In the tense 40-day armed standoff at a remote wildlife refuge in Oregon, militia leader Ammon Bundy was largely unable to persuade local residents to rise up in support of a revolution against the federal government. But he did find at least one person sympathetic to his cause: a nearby sheriff.

The standoff, which began on Jan. 2 after Bundy and others converged on Burns, Oregon, to protest the pending imprisonment of two ranchers, came to an end last week after Bundy was arrested, group spokesman Robert "LaVoy" Finicum was killed by law enforcement, and the final four holdouts surrendered.

The occupiers of the Malheur National Wildlife Refuge included cattle ranchers and militia members, who flocked from across the West to protest the federal government's control of public wild lands.

Throughout the ordeal, Grant County Sheriff Glenn Palmer remained a minor but persistent presence. Though the standoff took place in Harney County, the refuge extends deep into neighboring Grant County, where he garnered attention for meeting twice with the occupiers, and making statements that were more in line with the protesters than with other officials.

When FBI agents and state police confronted the leaders of the standoff in a Jan. 26 traffic stop on a remote stretch of highway, the occupiers were en route to a meeting Palmer was attending about 70 miles away in the town of John Day. The occupiers never made it to that meeting and Finicum was fatally shot in a confrontation with officers.

Exactly how deep the relationship Palmer had with the armed occupiers is unclear, but the sheriff told BuzzFeed News in an email that Bundy had sent him messages during the standoff, suggesting Palmer had provided the militants with his cell phone number.

“He sent me one text, one voice mail with an invite and I texted him back saying that I would not go without the consent and blessing of [Harney County Sheriff David] Ward,” Palmer told BuzzFeed News in an email.

To outside observers, it came as a surprise that a law enforcement official was friendly to a group of armed militia members who openly defied the law. But Palmer's sympathy for people who have a beef with the feds isn't especially unique. In fact, sheriffs across the West have for years been supportive in one way or another of rural fights against federal authority.

Exactly how many sheriffs and other uniformed law enforcement officers have shown support to anti-government “patriot” movements is not entirely clear, but the Southern Poverty Law Center puts it somewhere in the hundreds.

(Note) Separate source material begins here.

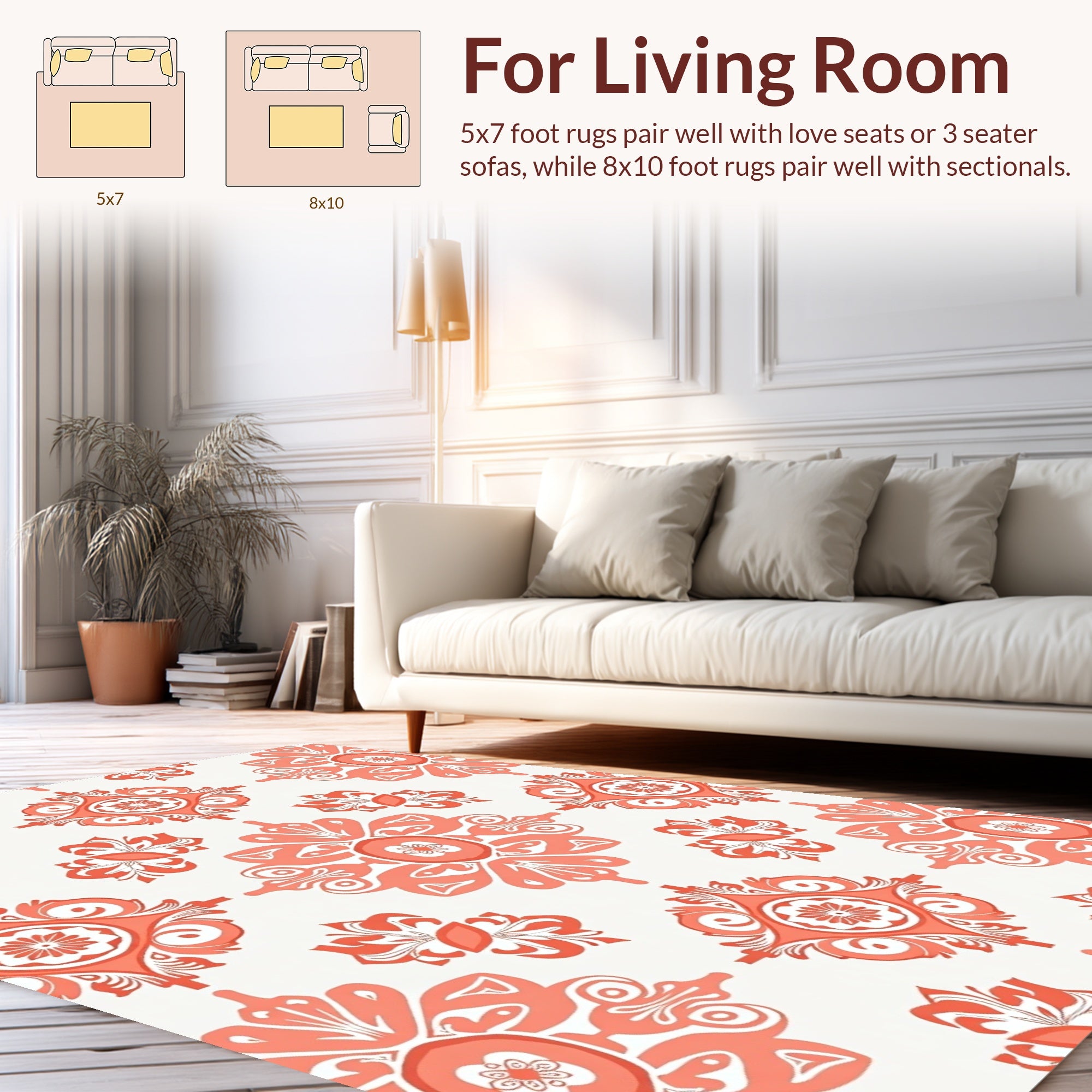 Coral Floral Medallion Pattern Rug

Most work in Western states, Mark Potok, a senior fellow at the SPLC, said, where ranchers losing fights with the federal government over land or entire ranches often turn to both sheriffs and militias.

The spread of the militia movement, and the tacit support they receive from some law enforcement figures has encouraged such armed groups, many like the Bundy family that has actively sought confrontations with federal agencies.

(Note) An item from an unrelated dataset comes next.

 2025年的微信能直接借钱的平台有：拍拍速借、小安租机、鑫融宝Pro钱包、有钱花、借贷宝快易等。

“The whole situation is genuinely worrying,” Potok said. “We have real-life county sheriffs and legislators like Michele Fiore who are legitimizing this type of madness.”

“The county sheriff is the line in the sand"

One organization that has actively recruited police chiefs and county sheriffs into their ranks is the Constitutional Sheriffs and Peace Officers Association, which promotes ideas similar to militia groups and sovereign citizen organizations: that the sheriff is the ultimate law of the land and a defender of the people from the federal government.

Like many “patriot” groups, the CSPOA believes sheriffs can supersede, even intervene in laws they don’t agree with. And on its website, the organization describes itself as “the last line of defense.”

“The county sheriff is the line in the sand,” the organization’s website says. “The county sheriff is the one who can say to the feds, ‘Beyond these bounds you shall not pass.’”

The site lists support from several high-profile sheriffs such as David A. Clarke Jr., from Milwaukee County, Wisconsin; Jeff Christopher, from Sussex County, Delaware; Pamela L. Elliott from Edwards County, Texas; and Joe Arpaio from Maricopa County, Arizona.

The organization's founder, former Graham County, Arizona, Sheriff Richard Mack, told BuzzFeed News it has trained more than 450 sheriffs and police chiefs across the country on constitutional rights, though many of those trained do not become members.

“If we don’t have sheriffs standing for these solutions today for people that are terrorized and victimized by their own federal government, and sometimes state government, and we don’t give them a place to go, then shame on us,” Mack said.

Mack rose to the national stage when he and another sheriff challenged provisions of the 1993 Brady Handgun Violence Prevention Act, requiring local law enforcement to perform background checks on gun buyers to discover whether they have had a felony arrest, mental illness, or history of drug use. The U.S. Supreme Court sided with Mack, and he has been a prominent supporter of gun rights, and a critic of federal government overreach ever since.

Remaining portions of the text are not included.